Closed
Description
Hi!
I've found IndexError
when pdf file is relatively large. Necessary information is provided below.
Environment
Which environment were you using when you encountered the problem?
$ python -m platform
Linux-5.15.0-56-generic-x86_64-with-glibc2.31
$ python -c "import pypdf;print(pypdf._debug_versions)"
pypdf==5.0.1, crypt_provider=('cryptography', '3.1'), PIL=none
commit 8e1799e
Code + PDF
This is a minimal, complete example that shows the issue:
#! /usr/bin/env python3
import pypdf
from pypdf.errors import EmptyFileError, PdfReadError, PdfStreamError
import sys
def TestOneInput(fname):
try:
pdf_reader = pypdf.PdfReader(fname)
for page_number, page in enumerate(pdf_reader.pages):
page.extract_text()
except (EmptyFileError, PdfReadError, PdfStreamError):
pass
if __name__ == "__main__":
if len(sys.argv) < 2:
exit(1)
TestOneInput(sys.argv[1])
PoC
crash-e8a85d82de01cab5eb44e7993304d8b9d1544970.pdf
Traceback
This is the complete stderr I see:
entry <entry> in Xref table invalid but object found
...
entry <entry> in Xref table invalid; object not found
Traceback (most recent call last):
File "/fuzz/./poc.py", line 18, in <module>
TestOneInput(sys.argv[1])
File "/fuzz/./poc.py", line 9, in TestOneInput
pdf_reader = pypdf.PdfReader(fname)
File "/usr/local/lib/python3.9/dist-packages/pypdf/_reader.py", line 132, in __init__
self._initialize_stream(stream)
File "/usr/local/lib/python3.9/dist-packages/pypdf/_reader.py", line 154, in _initialize_stream
self.read(stream)
File "/usr/local/lib/python3.9/dist-packages/pypdf/_reader.py", line 615, in read
self._read_xref_tables_and_trailers(stream, startxref, xref_issue_nr)

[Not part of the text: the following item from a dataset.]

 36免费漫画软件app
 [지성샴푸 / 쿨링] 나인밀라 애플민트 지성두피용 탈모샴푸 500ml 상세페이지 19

File "/usr/local/lib/python3.9/dist-packages/pypdf/_reader.py", line 871, in _read_xref_tables_and_trailers
startxref = self._read_xref(stream)
File "/usr/local/lib/python3.9/dist-packages/pypdf/_reader.py", line 910, in _read_xref
self._read_standard_xref_table(stream)
File "/usr/local/lib/python3.9/dist-packages/pypdf/_reader.py", line 781, in _read_standard_xref_table
while line[0] in b"\x0D\x0A":
IndexError: index out of range